▸ Work to be completed
Print only the lines running from the line with "THE POINTE HURRICANE ESTATES - Residential" to the final line below, both included, exactly as written and without the pictures.

=-=-=-=-=

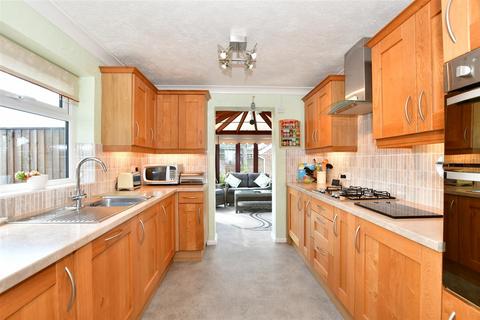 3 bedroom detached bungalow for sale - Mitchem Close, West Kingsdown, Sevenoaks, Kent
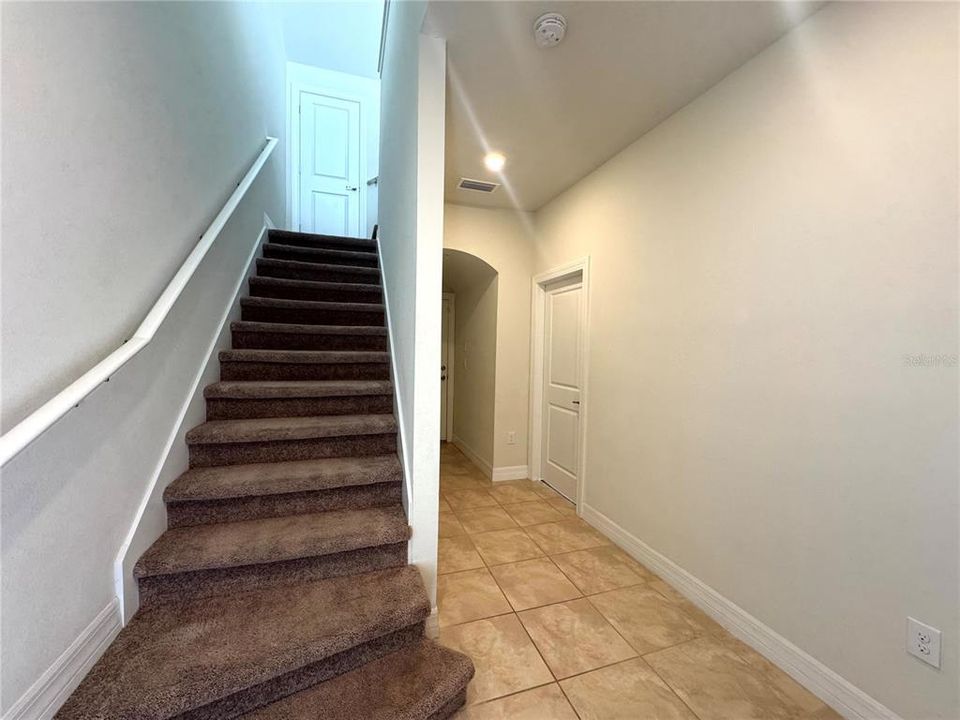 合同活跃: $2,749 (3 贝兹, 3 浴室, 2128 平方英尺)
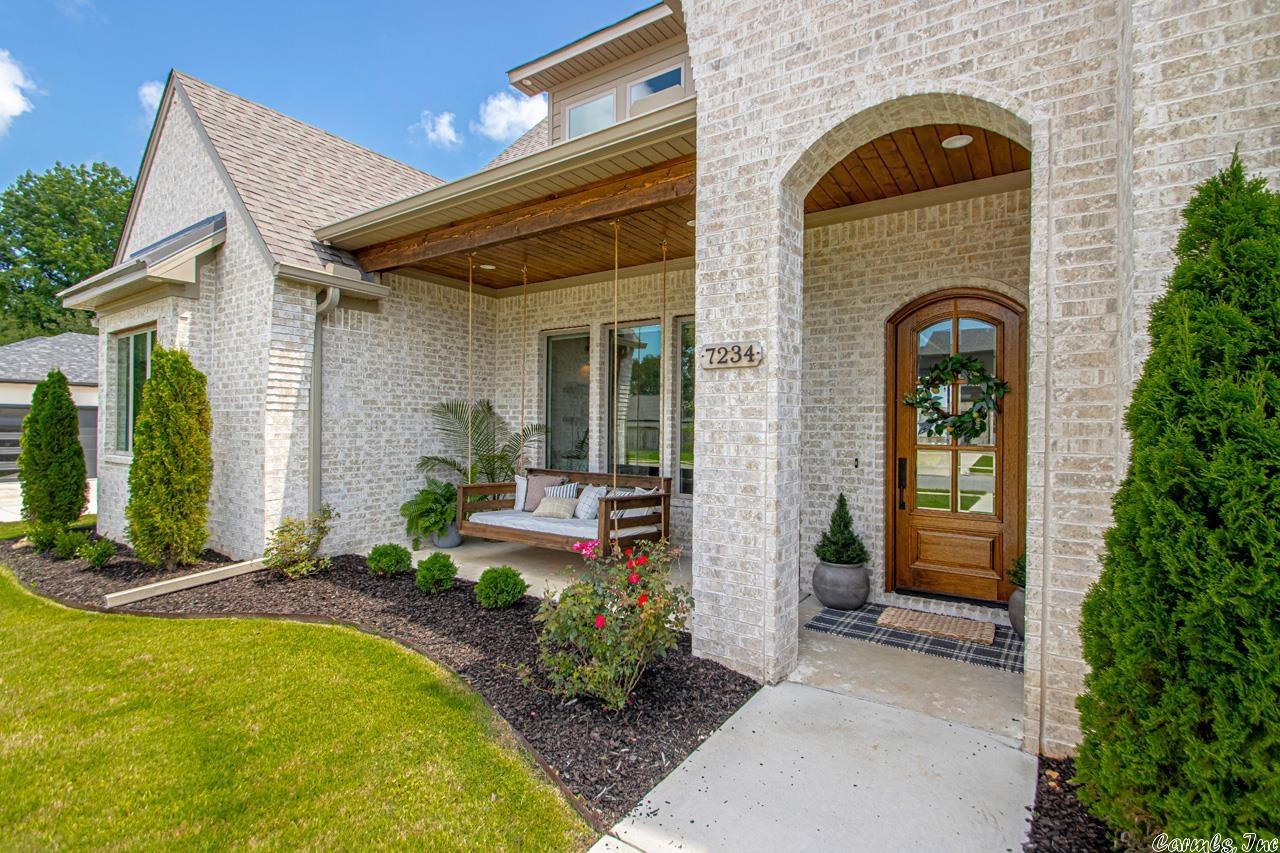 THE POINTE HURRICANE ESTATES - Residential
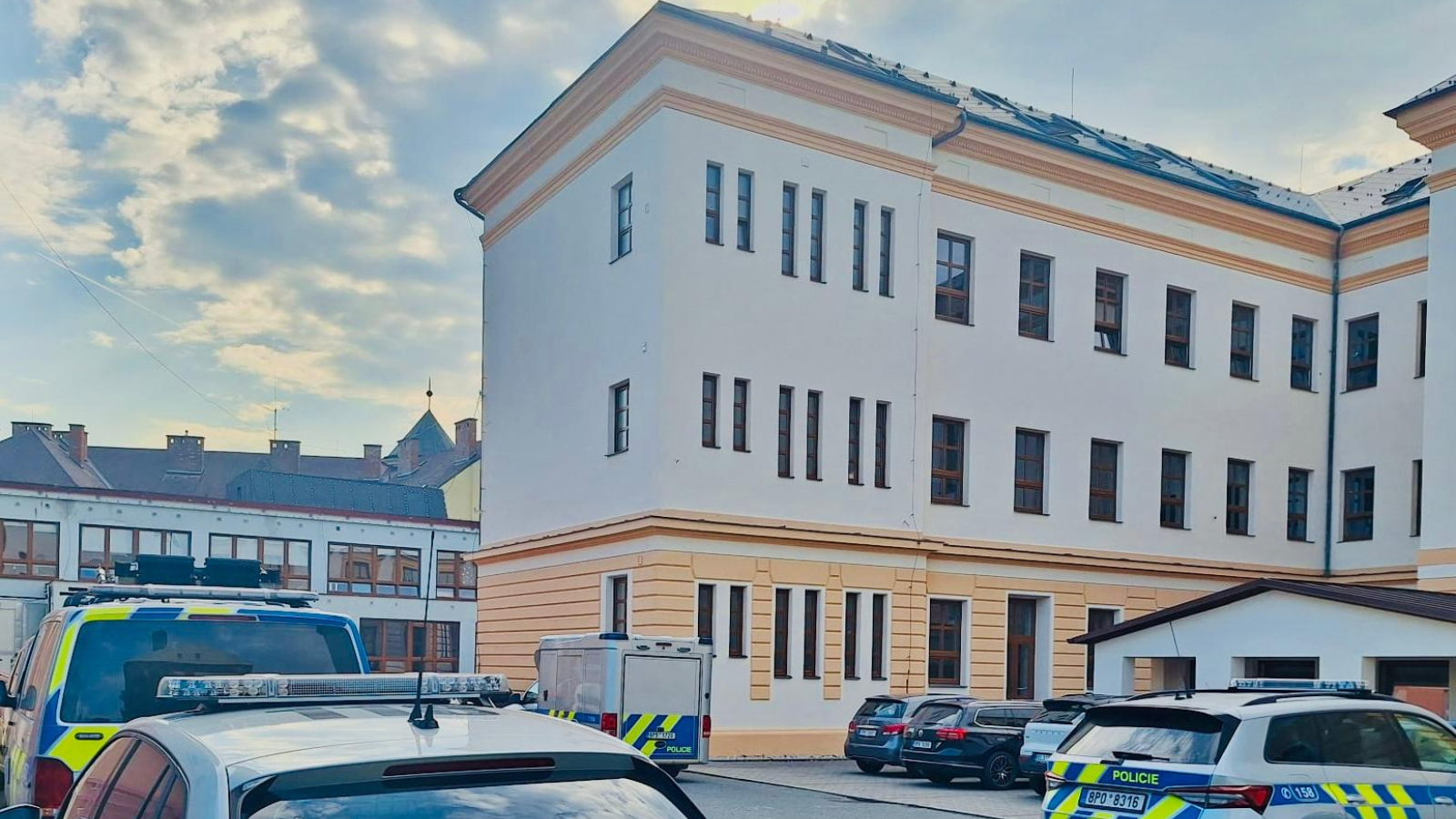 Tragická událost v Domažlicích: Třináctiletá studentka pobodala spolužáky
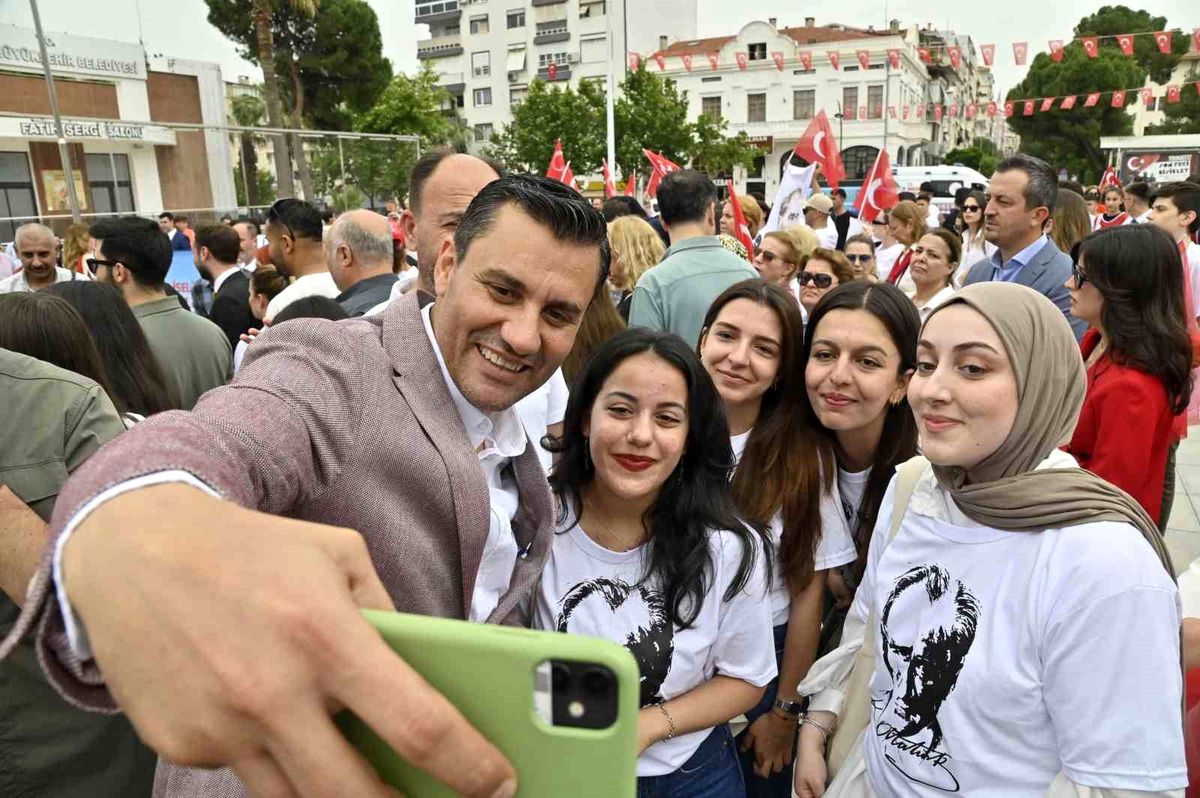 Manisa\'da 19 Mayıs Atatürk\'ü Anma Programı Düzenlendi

=-=-=-=-=

▸ Reply to the task
 THE POINTE HURRICANE ESTATES - Residential
 Tragická událost v Domažlicích: Třináctiletá studentka pobodala spolužáky
 Manisa\'da 19 Mayıs Atatürk\'ü Anma Programı Düzenlendi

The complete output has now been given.